3.2 Why Augment Graphs

Our assumption so far has been: Raw input graph \(=\) computational graph

Reasons for breaking this assumption

  • Features:

    • The input graph lacks features
  • Graph structure:

    • The graph is too sparse -> inefficient message passing

    • The graph is too dense -> message passing is too costly

    • The graph is too large -> cannot fit the computational graph into a GPU

  • It's unlikely that the input graph happens to be the optimal computation graph for embeddings

3.3 Graph Augmentation Approaches

Graph Feature augmentation

  • The input graph lacks features -> feature augmentation

Graph Structure augmentation

  • The graph is too sparse -> Add virtual nodes / edges

  • The graph is too dense -> Sample neighbors when doing message passing

  • The graph is too large -> Sample subgraphs to compute embeddings

3.4 Feature Augmentation on Graphs

Why do we need feature augmentation ?

(1) Input graph does not have node features

  • This is common when we only have the adjacency matrix

  • Standard approaches:

    • a) Assign constant values to nodes

      • all nodes share the same values
    • b) Assign unique IDs to nodes

      • These IDs are converted into one-hot vectors

Feature augmentation: constant vs. one-hot

Constant node feature One-hot node feature
Expressive power Medium.
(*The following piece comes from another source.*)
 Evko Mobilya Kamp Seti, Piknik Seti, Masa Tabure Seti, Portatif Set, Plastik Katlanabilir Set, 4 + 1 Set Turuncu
All the nodes are identical, but GNN can still learn from the graph structure High. Each node has a unique ID, so node-specific information can be stored
Inductive learning
(Generalize to unseen nodes)
High. Simple to generalize to new nodes: we assign constant feature to them, then apply our GNN Low. Cannot generalize to new nodes: new nodes introduce new IDs, GNN doesn't know how to embed unseen IDs
computational cost Low. Only 1 dimensional feature High. \(\mathcal{O}(|V|)\)dimensional feature, cannot apply to large graphs
Use cases Any graph, inductive settings (generalize to new nodes) Small graph, transductive settings (no new nodes)
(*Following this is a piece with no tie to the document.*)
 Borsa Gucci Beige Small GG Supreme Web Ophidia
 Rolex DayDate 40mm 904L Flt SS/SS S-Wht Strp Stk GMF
(2) Certain structures are hard to learn by GNN

Example: Cycle count feature:

  • Sample 1: \(v_1\) resides in a cycle with length 3

  • Sample 2: \(v_1\) resides in a cycle with length 4

GNN can't learn the length of a cycle that \(v_1\) resides in

  • \(v_1\) cannot differentiate which graph it resides in

  • Because all the nodes in the graph have degree of 2

  • The computational graphs will be the same binary tree

Other commonly used augmented features:

  • Node degree

  • Clustering coefficient

  • PageRank

  • Centrality

  • Any feature we have introduced in Lecture 2 can be used!
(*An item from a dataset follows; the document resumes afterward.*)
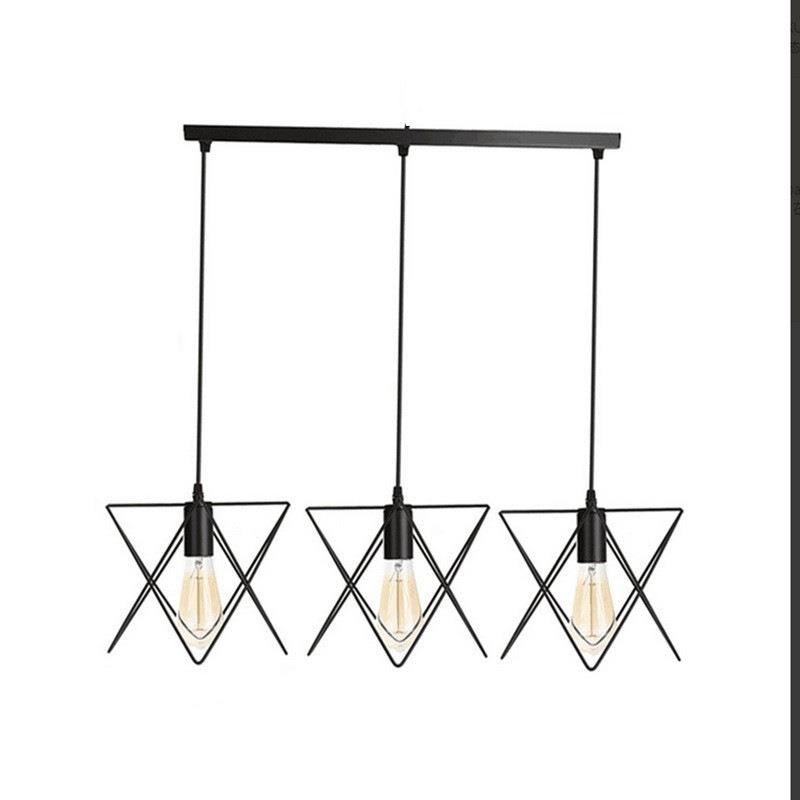 源头厂家采服购复工业风小笼子铁艺吊灯古头装店吧台三组合灯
3.5 Add virtual Nodes / Edges

Motivation: Augment sparse graphs

(1) Add virtual edges

Common approach: Connect 2-hop neighbors via virtual edges

Intuition: Instead of using adjacency matrix \(A\) for GNN computation, use \(A+A^2\)

Use cases: Bipartite graphs

  • Author-to-papers (they authored)

  • 2-hop virtual edges make an author-author collaboration graph

(2) Add virtual nodes

The virtual node will connect to all the nodes in the graph

  • Suppose in a sparse graph, two nodes have shortest path distance of 10

  • After adding the virtual node, all the nodes will have a distance of two

    • Node A – Virtual node – Node B

Benefits: Greatly improves message passing in sparse graphs

3.6 Node Neighborhood Sampling

Previously: All the nodes are used for message passing

New idea: (Randomly) sample a node's neighborhood for message passing

3.6.1 Node Neighborhood Sampling Example

  • we can randomly choose 2 neighbors to pass messages in a given layer

    • Only nodes \(B\) and \(D\) will pass messages to \(A\)
  • In the next layer when we compute the embeddings, we can sample different neighbors

    • Only nodes \(C\) and \(D\) will pass messages to \(A\)
  • In expectation, we get embeddings similar to the case where all the neighbors are used

  • Benefits: Greatly reduces computational cost

    • Allows for scaling to large graphs (more about this later)
  • And in practice it works great!

4. Prediction with GNNs

4.1 General GNN Framework

GNN Framework: Input Graph -> GNN -> Node embeddings

  • Output of a GNN: set of node embeddings: \(\{\boldsymbol{h}_v^{(L)}, \forall v \in G\}\)

4.2 GNN Prediction Heads

(1) Different prediction heads:

  • Node-level tasks

  • Edge-level tasks

  • Graph-level tasks

Idea: Different task levels require different prediction heads

4.2.1 Prediction Heads: Node-level

Node-level prediction: We can directly make prediction using node embeddings

After GNN computation, we have \(d\)-dim node embeddings: \(\{\boldsymbol{h}_{v}^{(L)} \in \mathbb{R}^{d}, \forall v \in G \}\)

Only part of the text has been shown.